Expositions

10. Propagande photographique

Exposition référente: La Littérature comme document. Les Écrivains et la culture visuelle autour de 1930

 

La photographie comme documentation sociale, historique et culturelle pendant la dictature fasciste

 

L’Italia fascista in cammino, Istituto Nazionale LUCE, Roma, 1932. Montage des deux couvertures de l’édition italienne et française. (KU Leuven Bibliothèque Centrale)Après avoir pris le pouvoir de façon antidémocratique et violente en 1922, le régime fasciste italien a eu besoin dans les années qui ont suivi de maintenir le pouvoir et de le légitimer en créant une relation directe avec les masses. Pendant les années 1920, le régime communiquait surtout à travers les journaux, mais en 1931, environ 9 millions d’Italiens ne savaient pas lire. Le régime fasciste en vient donc à développer l’utilisation des nouveaux médias de communication de masse. Comme on le trouve écrit dans les directives des services de propagande : « Entre tous les instruments de propagande, il est souhaitable de donner la préférence à ceux qui sont le plus visuels […] étant donné que leur impact est indéniablement le plus important et le plus efficace sur les masses, de sorte que l’usage des photographies devrait être renforcé et multiplié ».[1]
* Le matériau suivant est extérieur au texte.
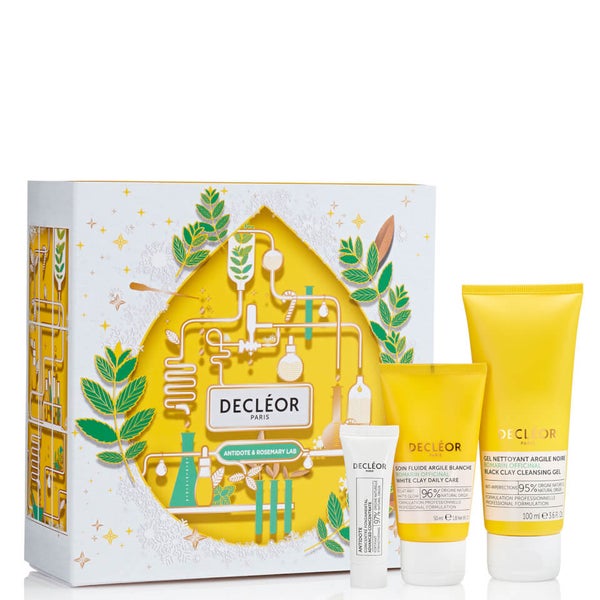 DECLÉOR Rosemary Christmas Collection Gift Set (Worth £95.00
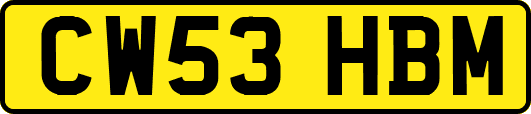 CW53HBM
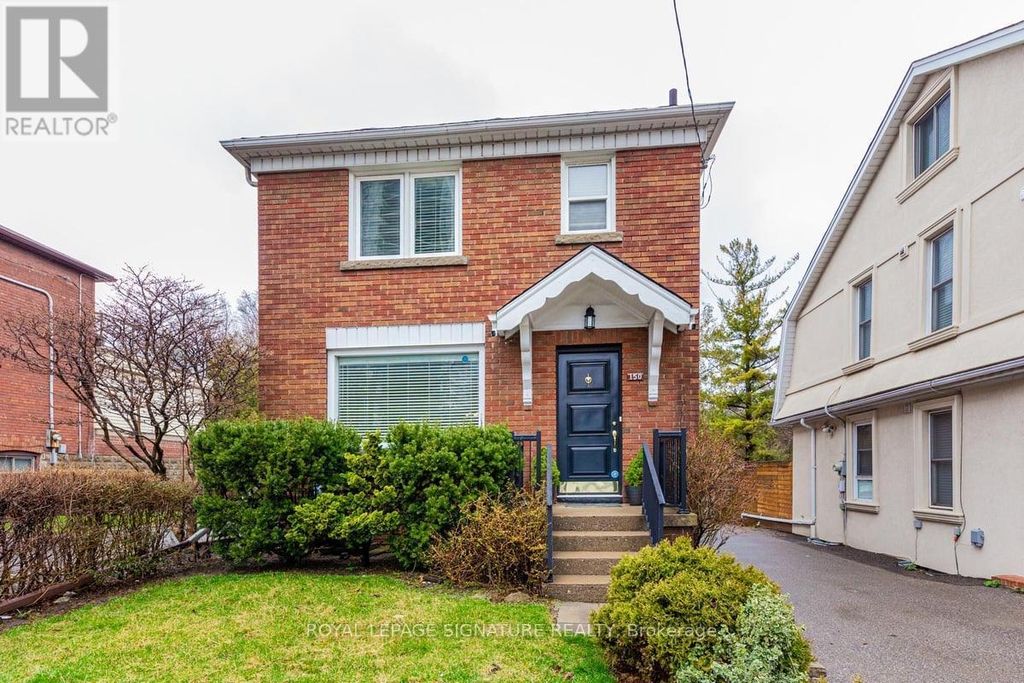 Main - 150 Davisville Avenue, Toronto (mount Pleasant West)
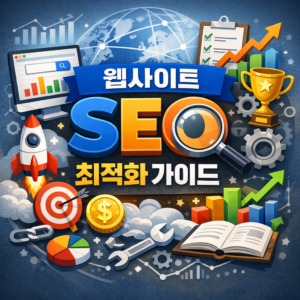 웹사이트 SEO 최적화 완벽 가이드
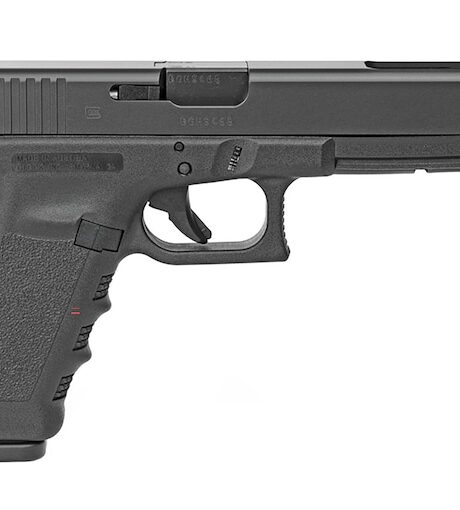 Glock 34 Gen 3 Pistol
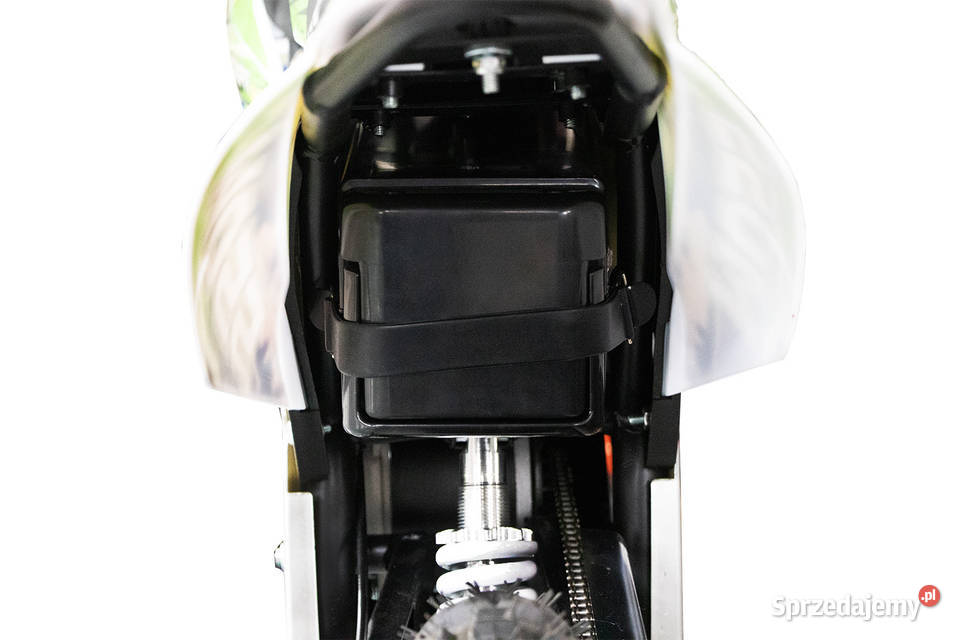 GAZELLA Cross elektryczny 550W 36V 8Ah Lithium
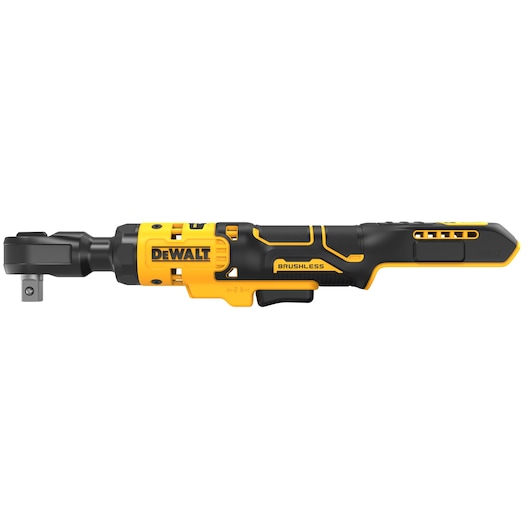 18V XR Brushless 1/2" haakse ratelsleutel (zonder accu en lader)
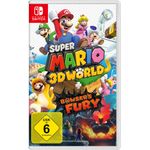 Nintendo Super Mario 3D World + Bowser's Fury Standard+DLC Tedesca Nintendo Switch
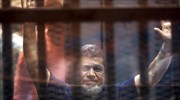 ΗΠΑ: Βαθιά ανησυχία για την καταδίκη του Μόρσι σε θάνατο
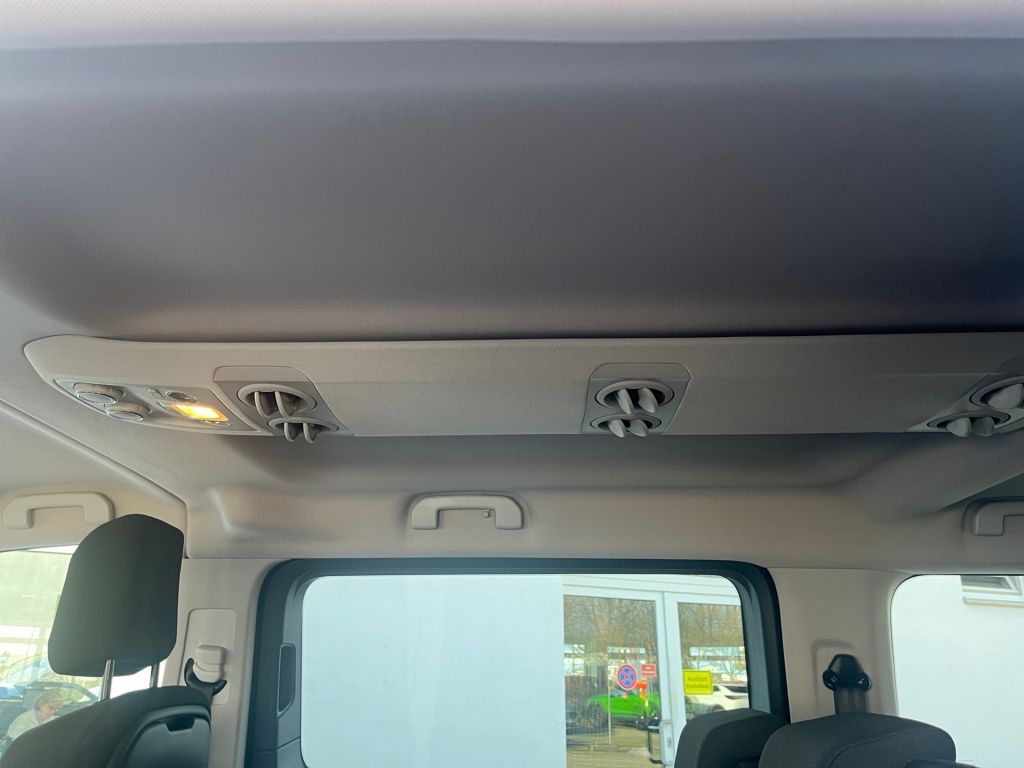 Toyota Proace 2,0-l-D L1 (8-Si.) Autm. 8Sitze Kamera AH – Bild 22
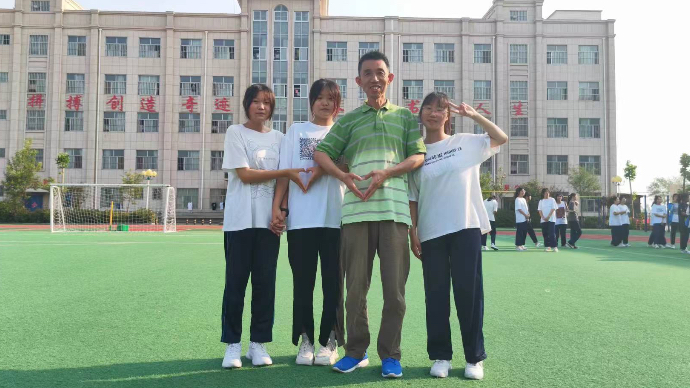 青年说｜“山东好人”邵明根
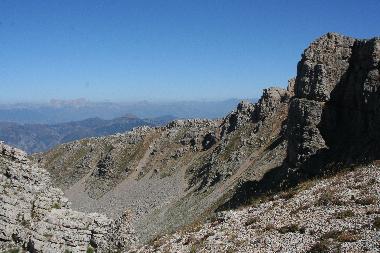 Randonn�e sur les Monges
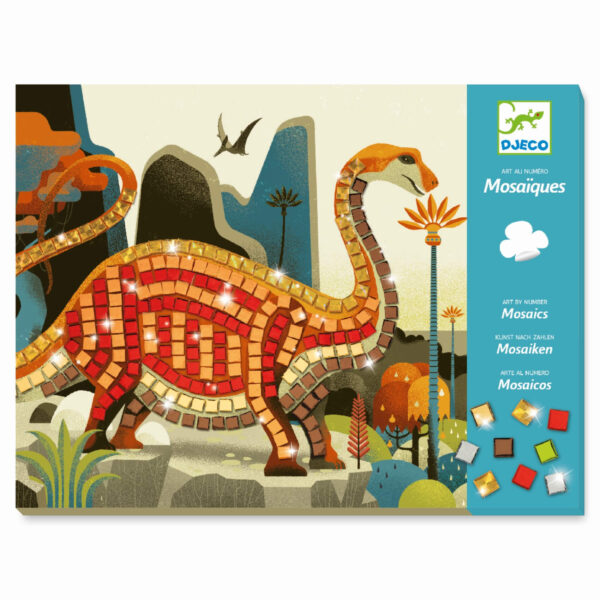 Mosaiigipildid DInosaurused DJ08899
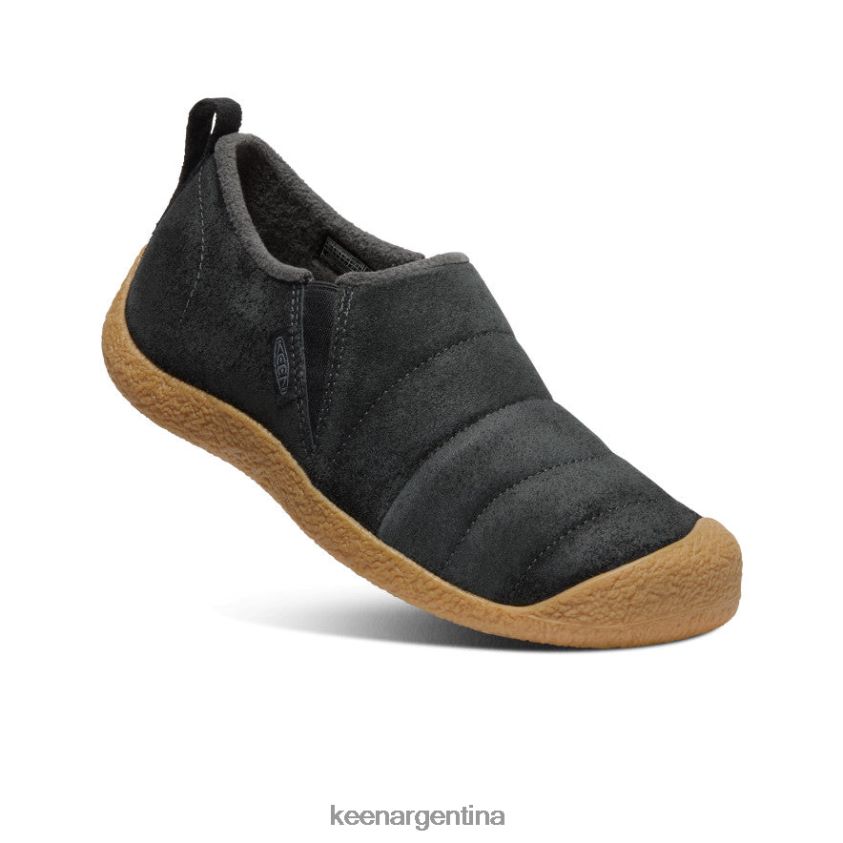 negro calzado KEEN cosecha de hower T0822B379 hombres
C’est dans ce contexte qu’en 1932, l’institut LUCE publie L’Italia fascista in cammino pour célébrer le dixième anniversaire de la révolution fasciste. Il s’agit d’un volume entièrement illustré de 536 photographies et photomontages, avec un avant-propos signé Mussolini : « les efforts héroïques et les résultats obtenus » par le fascisme, écrit-il, sont « montrés et documentés dans ce volume » pour donner « au monde une vision d’ensemble de ce que le régime des chemises noires a fait dans tous les secteurs d’activités ».

La même année, le régime organise à Rome une grande exposition sur la révolution fasciste. Elle a attiré pendant 2 ans plus de 3 millions et demi de visiteurs. Son architecture innovante et spectaculaire était dominée par des photomontages géants et des milliers de photographies. Dans un article important, Margherita Sarfatti a écrit que cet événement romain n’était pas tant une exposition qu’une « manifestation de la révolution fasciste » qui a rendu la révolution « claire et intelligible » en même temps qu’elle en a constitué une trace et fournit une « preuve ».[2]

Les photographies servaient non seulement à attester et documenter l’histoire de la révolution fasciste et les accomplissements du régime, mais aussi à les rendre « intelligibles », comme Sarfatti l’a souligné. Tout le monde peut comprendre le langage de la photographie, même ceux qui ne savent pas lire. Plus que tout, le fascisme pouvait fournir une image déformée et partielle de la réalité – en jouant de la coupe photographique et de l’habileté de la photo à documenter ses sujets –, en donnant l’illusion qu’il s’agissait d’un fragment de réalité sélectionné et soigneusement photographié. De cette façon, les photos de L’Italia fascista in cammino font émerger le vrai masque trompeur d’une Italie jeune, forte et en bonne santé, d’un pays à l’avant-garde de tous les secteurs de la vie économique et sociale.

 

[1] Cité dans Mimmo Franzinelli et Emanuele Valerio Marino, Il Duce proibito. Le Fotografie di Mussolini che gli italiani non hanno mai visto, Milano, Arnoldo Mondadori, 2003, p. xxi.
[2] Margherita Sarfatti, « Architettura, arte e simbolo alla mostra del Fascismo », in Architettura, 12, 1933, p. 1-17.

 

Pistes bibliographiques
Philip V. Cannistraro, La Fabbrica del consenso: fascismo e mass media, Roma – Bari, Laterza, 1975.
Paolo Murialdi, La Stampa del regime fascista, Roma, Bari, Laterza, 1986.
Jeffrey T. Schnapp, Anno X. La Mostra della Rivoluzione fascista del 1932, Pisa – Roma, Istituti Editoriali e Poligrafici Internazionali, 2003.
Italo Zannier, Fascismo 1922-1943: modi e tecniche di utilizzazione della fotografia al servizio dell’ideologia fascista, Pordenone, Galleria d’arte « Sagittaria », catalogue d’exposition, Centro Iniziative Culturali, Pordenone, 1975.